When your computer (Host A) wants to send a packet to a remote destination (like a web server on the internet), it follows these steps:

Destination Check: The computer compares the destination IP address with its own IP address and subnet mask. It quickly determines that the destination is on a remote network.
Target the Gateway: Because the destination is remote, the computer knows it cannot deliver the packet directly. It must send it to its configured (the local router).
ARP for the Gateway: Now, the computer initiates the ARP process, but with a different goal. It sends out an ARP Request broadcast asking:
"Who has the IP address of my default gateway ( $192.168.1.1$ )? Please tell me your MAC address."
Send to Gateway: Once the router replies with its MAC address, the computer creates the data packet. The packet's destination IP address is still the final remote server, but the destination MAC address is that of the local router. The packet is then sent to the router, which takes over the task of forwarding it toward its final destination.

Variations of ARP

Besides the standard request/reply mechanism, several other types of ARP messages and techniques serve specific functions.

Reverse ARP (RARP): A historical protocol used by diskless workstations. A device would know its MAC address but not its IP address. It would broadcast a RARP request ("My MAC is X, what is my IP?"), and a RARP server on the network would reply with an assigned IP address. RARP is now obsolete and has been replaced by more advanced protocols like BOOTP and, most commonly, DHCP.
Proxy ARP: A technique where a router on one network responds to ARP requests for IP addresses that are on another network. The router effectively "lies" and provides its own MAC address, acting as a proxy for the remote hosts. When it receives the packet, it then forwards it to the real destination. It's a way to connect two physical networks without changing IP addressing schemes, but can be complex to manage.
Gratuitous ARP: This is an ARP message that is sent by a host without being prompted by an ARP request. The host sends a broadcast ARP Reply (or Request) for its own IP address. This serves two main purposes:
- IP Conflict Detection: When a device gets a new IP address, it sends a gratuitous ARP. If another device on the network replies, it means that IP address is already in use, and the device will report an IP address conflict error.
- Updating Caches: If a device changes its network card (and thus its MAC address) but keeps its IP address, it can send a gratuitous ARP to instantly update the ARP caches of all other devices on the network, ensuring they now send data to the new MAC address. This is also vital in high-availability systems where a backup server takes over the IP address of a failed primary server.

ARP and Network Security

The simplicity and trust-based nature of ARP make it vulnerable to a significant security threat known as ARP Spoofing or ARP Poisoning. Since devices on a network blindly trust ARP replies, a malicious attacker can send forged ARP replies.
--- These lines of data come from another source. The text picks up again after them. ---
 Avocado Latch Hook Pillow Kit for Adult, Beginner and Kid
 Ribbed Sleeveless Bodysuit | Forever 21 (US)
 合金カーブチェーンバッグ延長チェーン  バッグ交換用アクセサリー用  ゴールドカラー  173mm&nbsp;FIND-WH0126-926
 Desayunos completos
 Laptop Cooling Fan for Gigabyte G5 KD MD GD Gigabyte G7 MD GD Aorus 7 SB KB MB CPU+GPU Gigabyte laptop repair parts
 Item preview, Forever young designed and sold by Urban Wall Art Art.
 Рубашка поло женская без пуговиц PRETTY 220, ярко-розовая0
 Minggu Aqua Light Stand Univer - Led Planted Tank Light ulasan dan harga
For instance, an attacker could tell the default gateway that the attacker's MAC address corresponds to your computer's IP address. At the same time, the attacker could tell your computer that the attacker's MAC address belongs to the default gateway. This places the attacker's machine right in the middle of all your internet traffic, allowing them to eavesdrop, modify, or block your data in what's known as a Man-in-the-Middle (MitM) attack. Various security mechanisms are used to mitigate this risk.

The End of an Era: ARP's Role in IPv6

With the introduction of IPv6, the ARP protocol was officially retired. Its functions have been completely replaced by a more comprehensive and efficient suite of protocols integrated into ICMPv6, known collectively as the Neighbor Discovery Protocol (NDP).
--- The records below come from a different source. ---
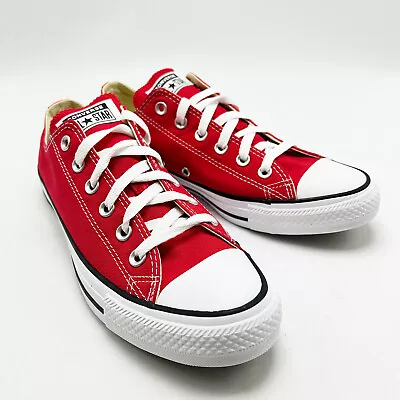 $53.50 • Buy Unisex CONVERSE Chuck Taylor ALL STAR LOW TOP Red (M9696), Sz 3.5 - 12.0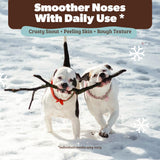Natural Dog Company Snout Soother Balm – Dog Nose Balm for Dry Cracked Snouts, Moisturizing Winter Nose Care with Coconut Oil & Shea Butter, Lick Safe Dog Snout Balm for All Breeds, 2 oz Stick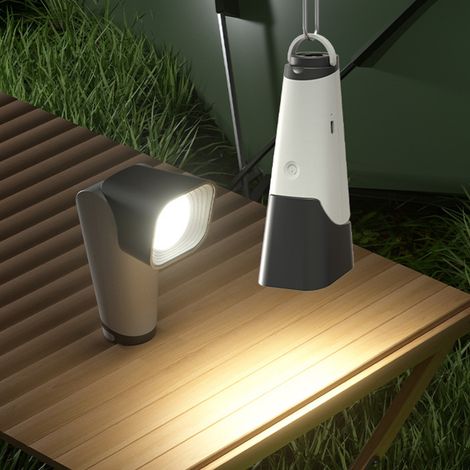 Lampe de lecture LED en ABS, USB, pliable à 90°, 4000K, 3 niveaux d'intensité, protection des yeux, lampe de bureau/de chevet pour chambre, bureau, dortoir, gris (1/5)
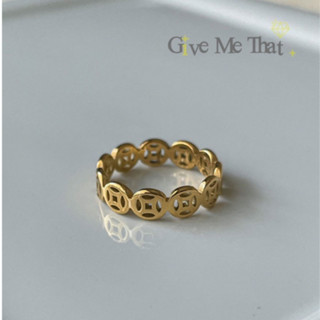 แหวน แหวนสแตนเลสแท้ แหวนมินิมอล แหวนminimal เครื่องประดับแหวน แหวนแฟชั่น Stencil Ring - Givemethat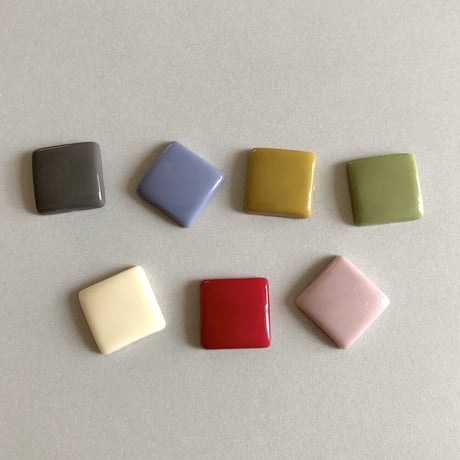 こっくりカボション正方形 17mm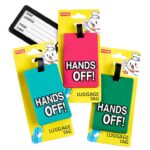 ΕΤΙΚΕΤΑ ΓΙΑ ΒΑΛΙΤΣΑ ''HANDS OFF!'' ΣΕ 3 ΧΡΩΜΑΤΑ 6.5X10.5cm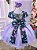 Vestido Fantasia Tematicos Kids Halloween Saia Lilas - Imagem 2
NDP performs address resolution (the core function of ARP) but does so using more efficient multicast messages instead of broadcasts, and it also handles other critical functions like router discovery, prefix discovery, and address autoconfiguration. While the problem of resolving a Layer 3 address to a Layer 2 address still exists, the protocol used to solve it in the modern IPv6 world is entirely new.